=== What you have to do ===
Check every line of the entries below for the word "White", and copy the ones that have it.

=== Supplied entries ===

--------------------------------

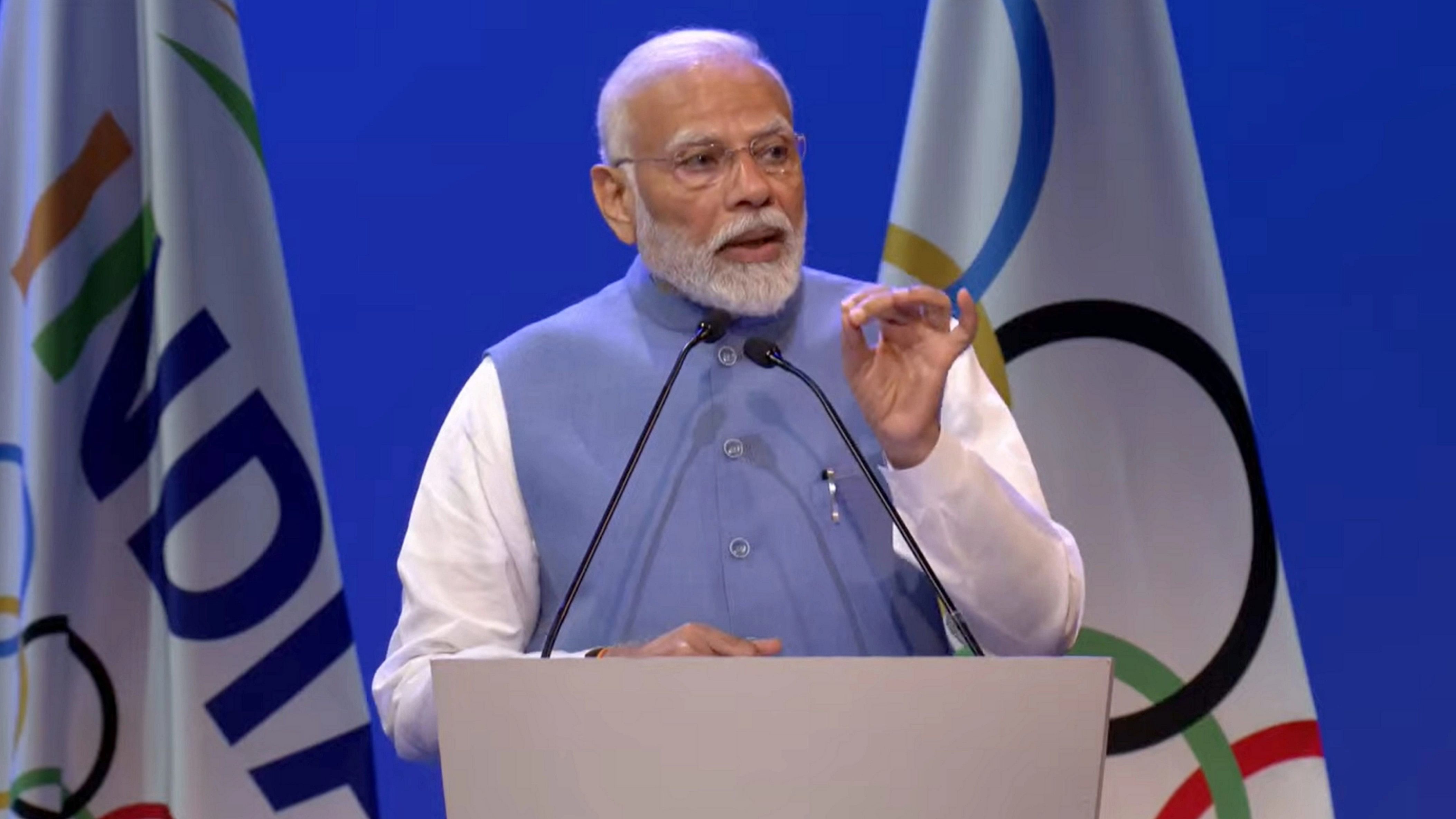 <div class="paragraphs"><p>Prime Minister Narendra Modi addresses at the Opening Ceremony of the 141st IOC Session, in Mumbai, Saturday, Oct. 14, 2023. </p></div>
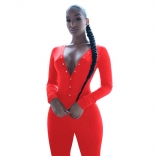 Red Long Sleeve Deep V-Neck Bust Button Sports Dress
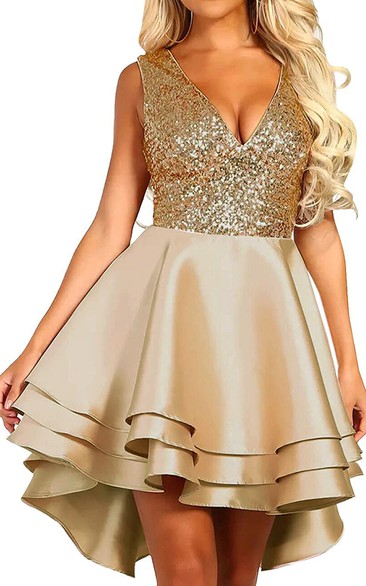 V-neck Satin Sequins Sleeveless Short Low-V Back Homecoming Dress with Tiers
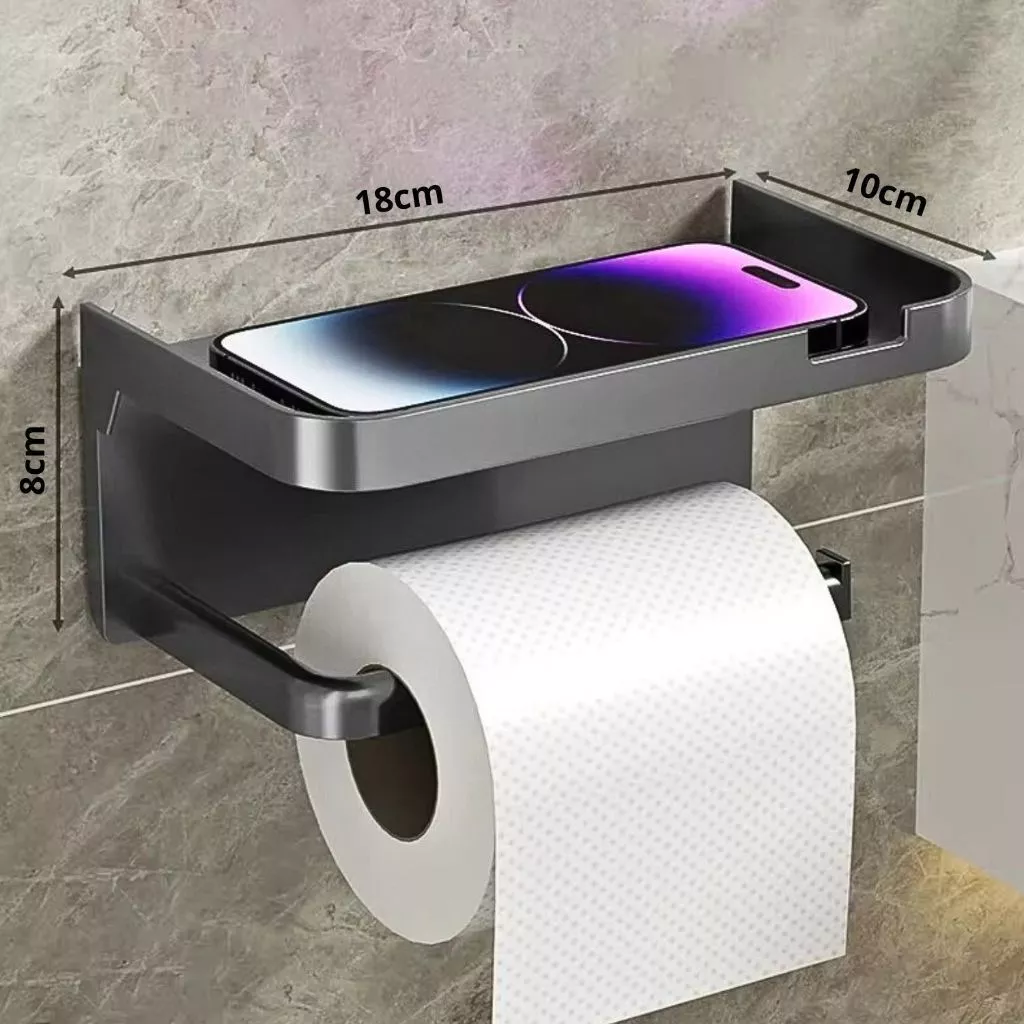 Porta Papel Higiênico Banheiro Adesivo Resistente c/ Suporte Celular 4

--------------------------------

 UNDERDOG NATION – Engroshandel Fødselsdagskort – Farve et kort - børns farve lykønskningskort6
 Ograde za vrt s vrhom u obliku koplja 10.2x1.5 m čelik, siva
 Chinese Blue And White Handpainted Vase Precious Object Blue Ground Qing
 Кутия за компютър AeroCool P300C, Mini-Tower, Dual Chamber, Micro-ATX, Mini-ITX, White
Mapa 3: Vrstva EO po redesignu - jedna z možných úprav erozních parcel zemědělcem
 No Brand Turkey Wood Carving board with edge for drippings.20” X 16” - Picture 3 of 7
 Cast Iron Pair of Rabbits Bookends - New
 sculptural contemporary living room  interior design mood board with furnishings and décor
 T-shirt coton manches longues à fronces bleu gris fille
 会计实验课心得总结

--------------------------------

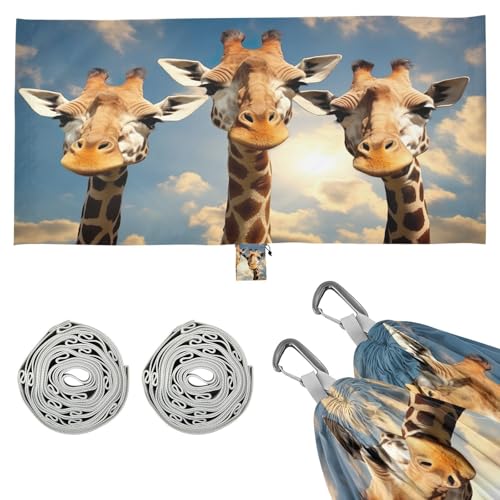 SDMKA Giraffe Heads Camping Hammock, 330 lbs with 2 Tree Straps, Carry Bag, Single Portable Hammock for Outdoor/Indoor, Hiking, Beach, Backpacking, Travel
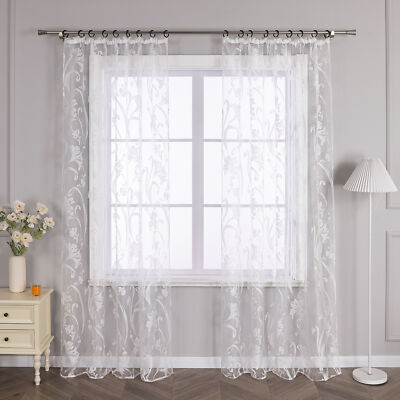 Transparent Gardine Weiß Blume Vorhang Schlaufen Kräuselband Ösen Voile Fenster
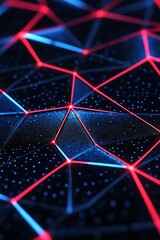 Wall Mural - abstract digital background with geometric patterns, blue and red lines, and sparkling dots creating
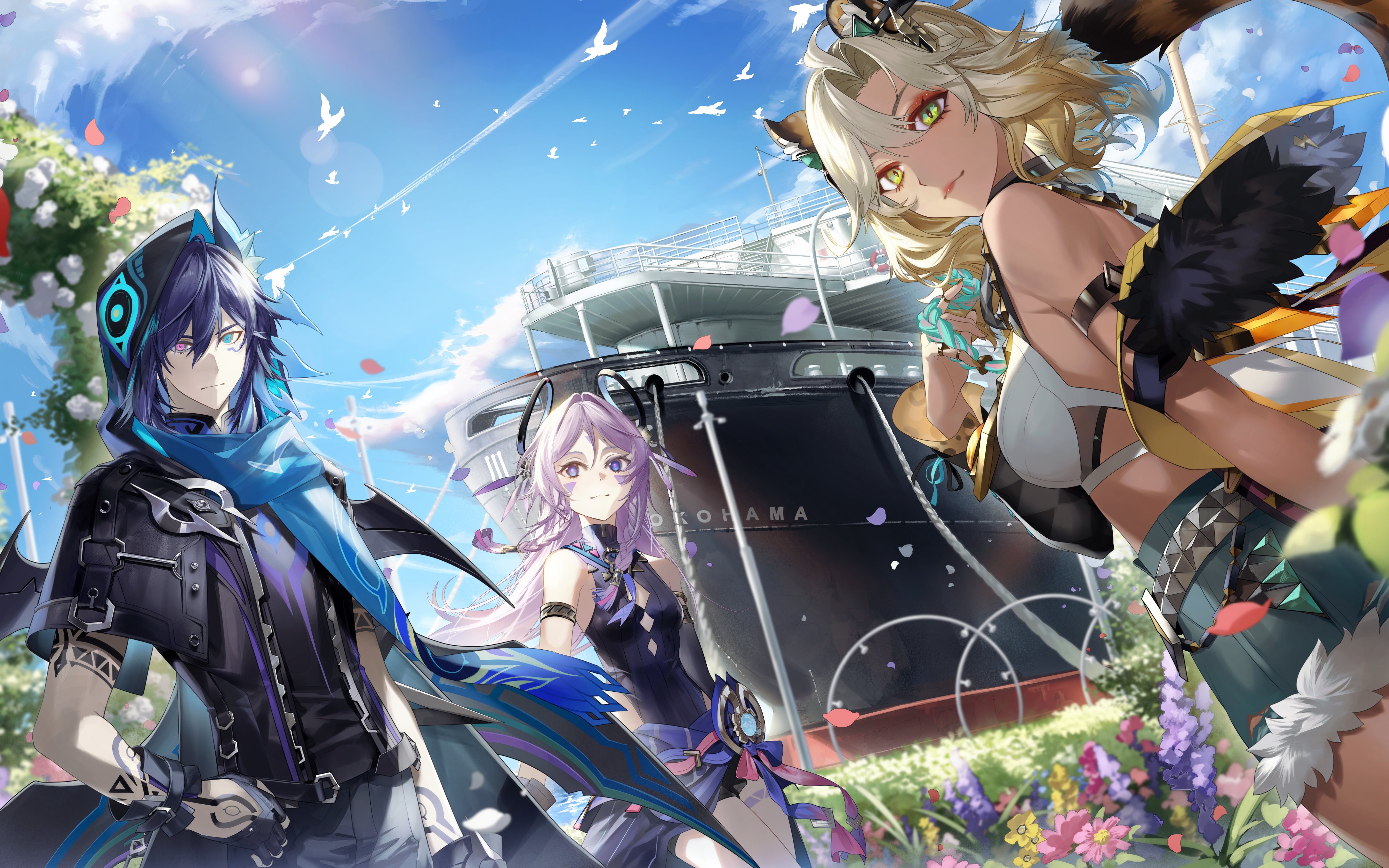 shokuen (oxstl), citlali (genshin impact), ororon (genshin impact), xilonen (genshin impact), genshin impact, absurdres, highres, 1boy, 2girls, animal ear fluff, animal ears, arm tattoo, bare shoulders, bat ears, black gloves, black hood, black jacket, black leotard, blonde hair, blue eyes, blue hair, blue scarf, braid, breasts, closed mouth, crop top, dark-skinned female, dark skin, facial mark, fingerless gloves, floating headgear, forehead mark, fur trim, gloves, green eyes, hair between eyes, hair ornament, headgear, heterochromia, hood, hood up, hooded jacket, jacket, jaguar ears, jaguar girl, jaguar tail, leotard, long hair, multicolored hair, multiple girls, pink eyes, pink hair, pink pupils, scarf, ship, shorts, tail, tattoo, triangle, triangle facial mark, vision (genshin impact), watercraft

--------------------------------

=== Reply ===
 Chinese Blue And White Handpainted Vase Precious Object Blue Ground Qing
 Кутия за компютър AeroCool P300C, Mini-Tower, Dual Chamber, Micro-ATX, Mini-ITX, White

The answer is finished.